* To do
Exact copies of the lines from the one with "Tenga - Strong" through the last line of the entries, and no pictures, make up the answer.

* The input
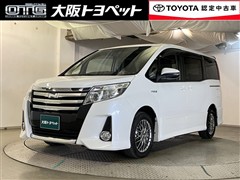 トヨタ ノアHV Si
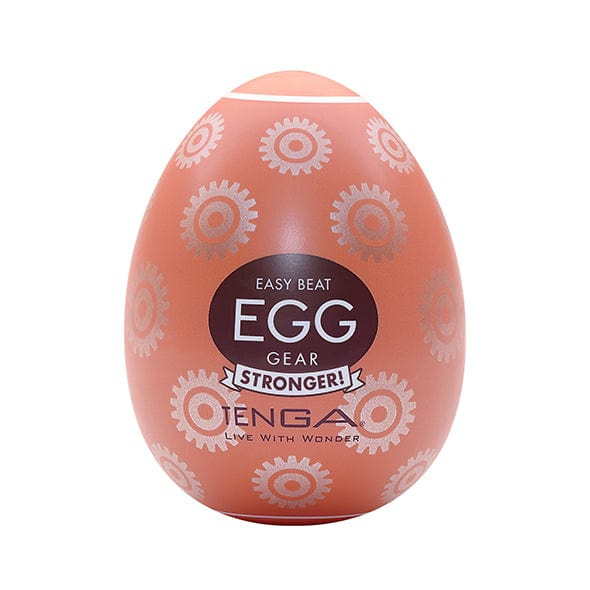 Tenga - Strong Sensation Hard Boiled II Series Masturbator Egg Stroker TE1223 CherryAffairs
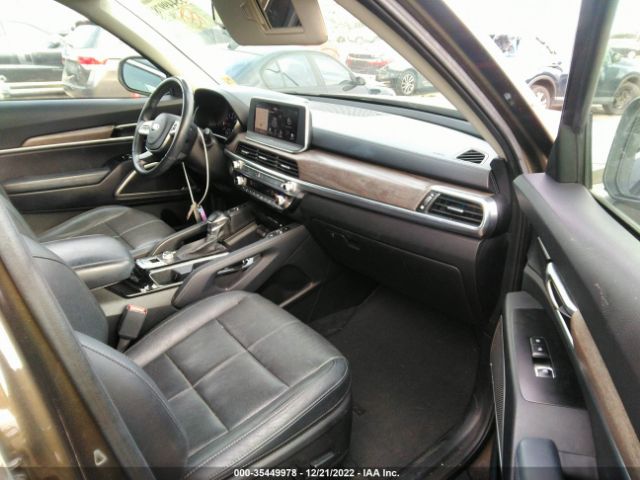 5XYP34HC4LG008953 KIA Telluride Ex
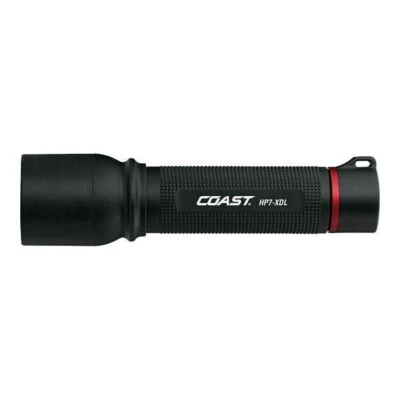 Torch Coast HP7 XDL Focusing LED Long Range Torch (240 Lumens) - Image 1 of 4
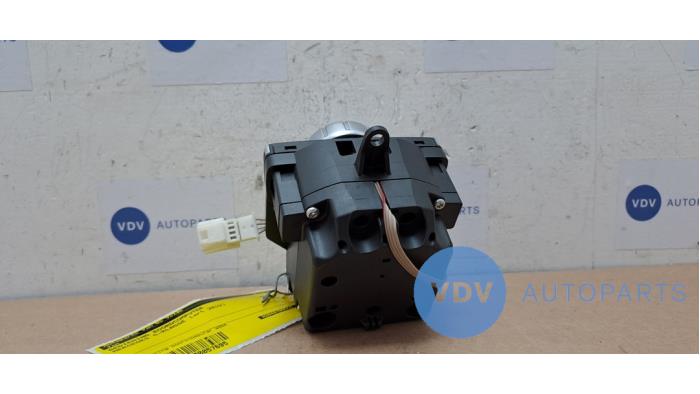 On-board computer controller Mercedes C-Klasse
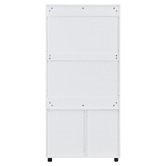 Core Living Edna 3 Drawer Corner Wardrobe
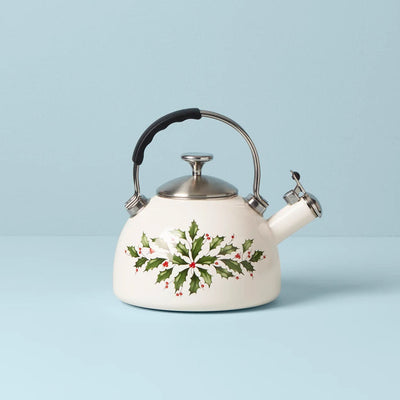 Holiday Tea Kettle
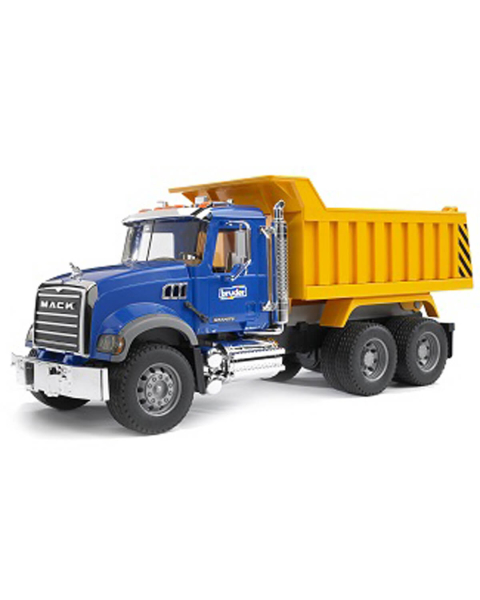 Bruder® Toy MACK® Granite Dump Truck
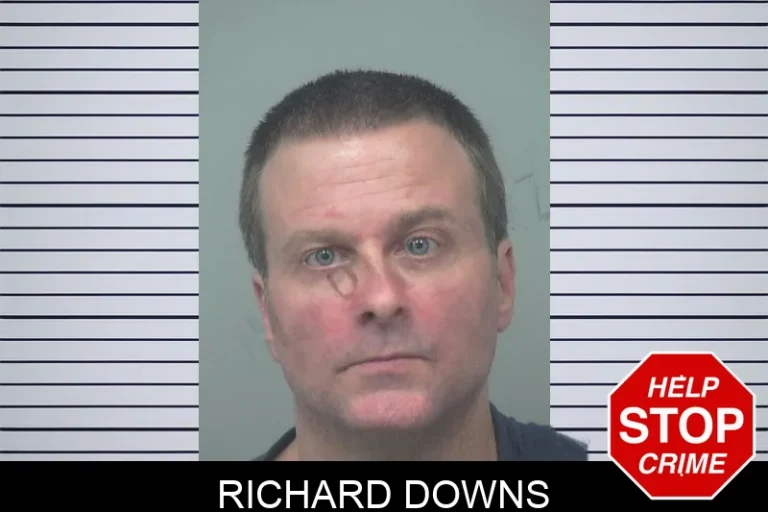 Richard Downs mugshot – Gwinnett County , Georgia Richard Downs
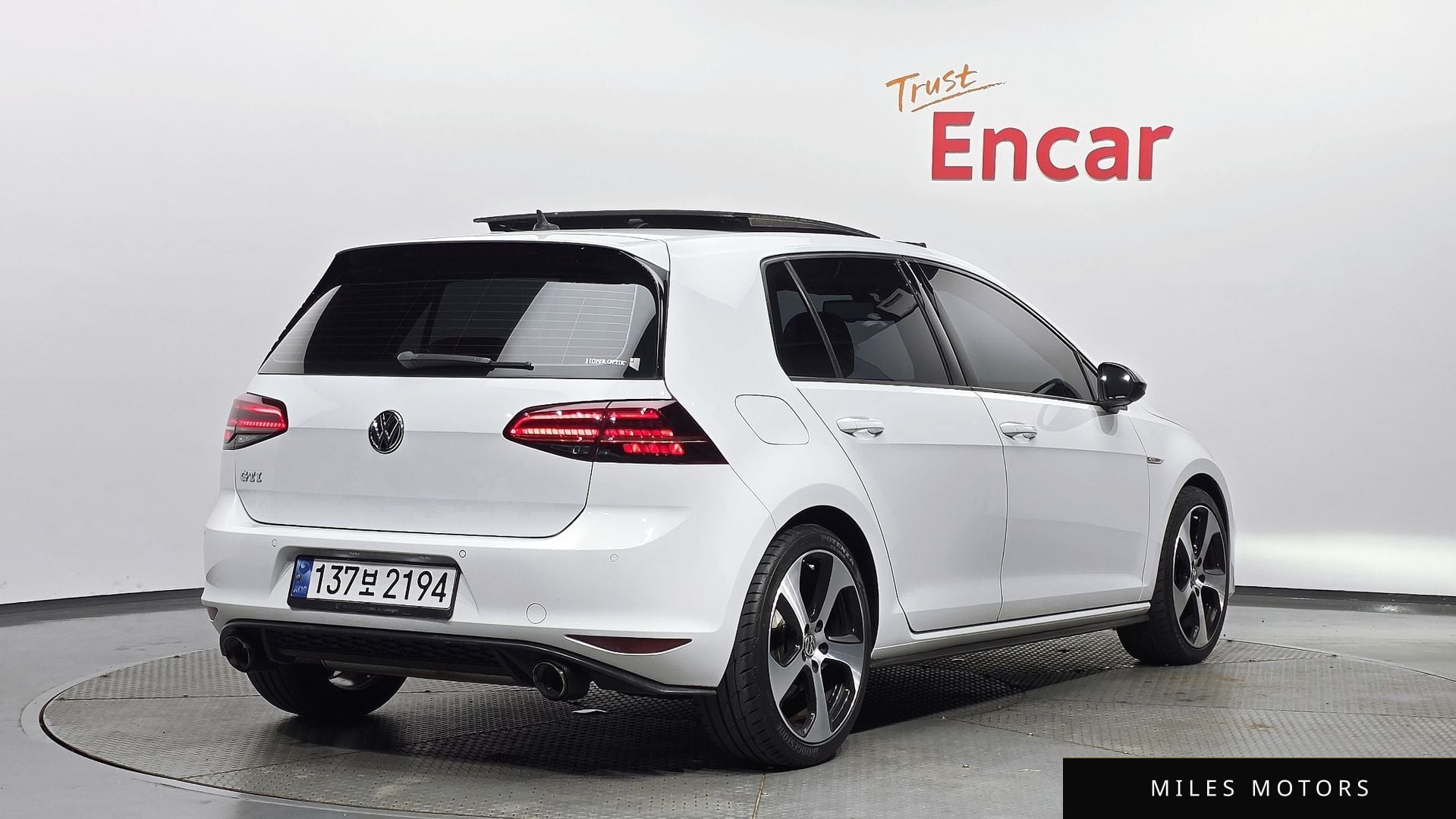 Volkswagen Golf 2015 — миниатюра 2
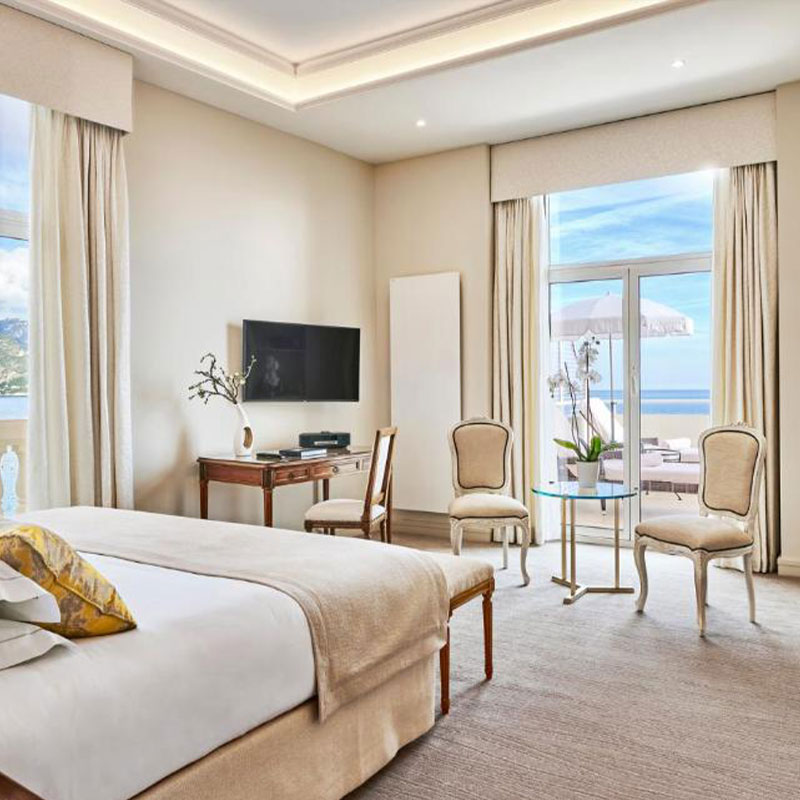 One Bedroom Suite With Terrace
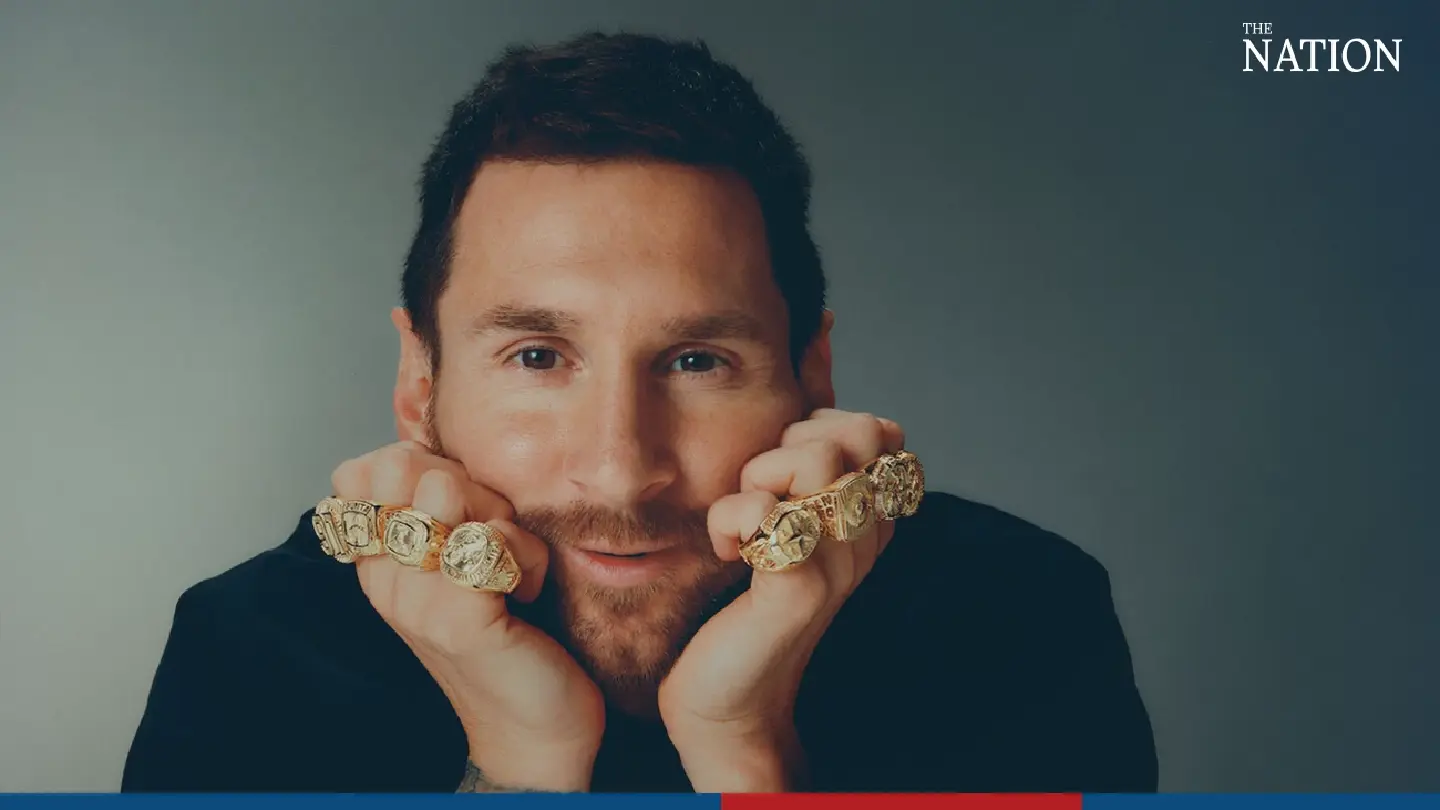 Celebrates Messi's 8th Ballon d'Or with 8 golden rings & X Crazyfast Pack Celebrates Messi's 8th Ballon d'Or with 8 golden rings & X Crazyfast Pack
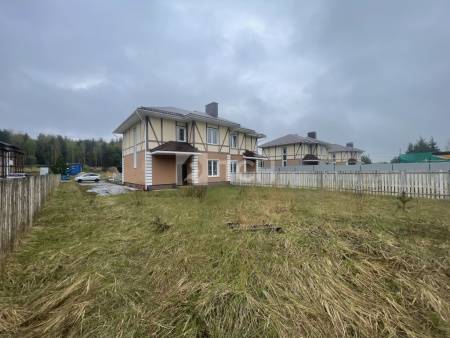 Дом, г.о. Щёлково, КП Северная ривьера, Прохладная улица, 1, #id1913987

* Answer to this problem
 Tenga - Strong Sensation Hard Boiled II Series Masturbator Egg Stroker TE1223 CherryAffairs
 5XYP34HC4LG008953 KIA Telluride Ex
 Torch Coast HP7 XDL Focusing LED Long Range Torch (240 Lumens) - Image 1 of 4
 On-board computer controller Mercedes C-Klasse
 Core Living Edna 3 Drawer Corner Wardrobe
 Holiday Tea Kettle
 Bruder® Toy MACK® Granite Dump Truck
 Richard Downs mugshot – Gwinnett County , Georgia Richard Downs
 Volkswagen Golf 2015 — миниатюра 2
 One Bedroom Suite With Terrace
 Celebrates Messi's 8th Ballon d'Or with 8 golden rings & X Crazyfast Pack Celebrates Messi's 8th Ballon d'Or with 8 golden rings & X Crazyfast Pack
 Дом, г.о. Щёлково, КП Северная ривьера, Прохладная улица, 1, #id1913987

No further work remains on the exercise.